The petty, selfish people that undervalue arts, culture and people skills, that ask me why I work as a VEA, revealing their insensitivity and patronising nature, these are the people that are wrong. They think money, status and power is what you need in this world. What you need in this world is to find your niche, your people, your destiny, your happiness.

Working as a VEA allows me to remain a writer, an artist, a poet. Working as a VEA allows me to study an Art History degree with the Open University in my mornings and evenings. Those are my ambitions and those are the things that direct how I live my life, my work. For me, the most important thing is fulfilment, not what the ignorant value. It is what I value that matters. It is my choice.

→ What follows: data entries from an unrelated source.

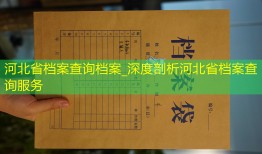 河北省档案查询档案_深度剖析河北省档案查询服务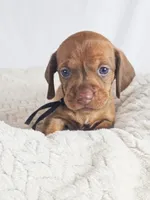 Thai tea, a male Dachshund for sale in Sacramento, CA – 3 of 6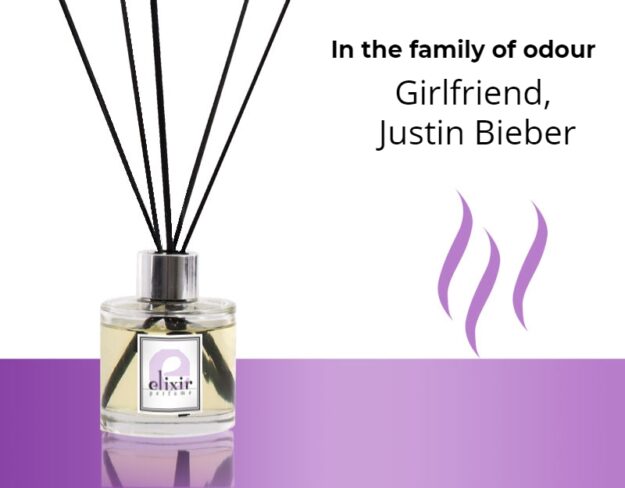 Girlfriend, Justin Bieber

I have what I wanted.

Everything I want from a museums career I get through volunteering: art history scholarship in an Interpretation department, being a Virtual Curator on social media online. I am getting every cerebral pleasure and satisfaction from what I am doing. I am being read by tens of thousands of people on social media.

What more could you ask from a job than happiness and to change the world of ignorance? The fulfilment of duty, pleasure, education and inspiration?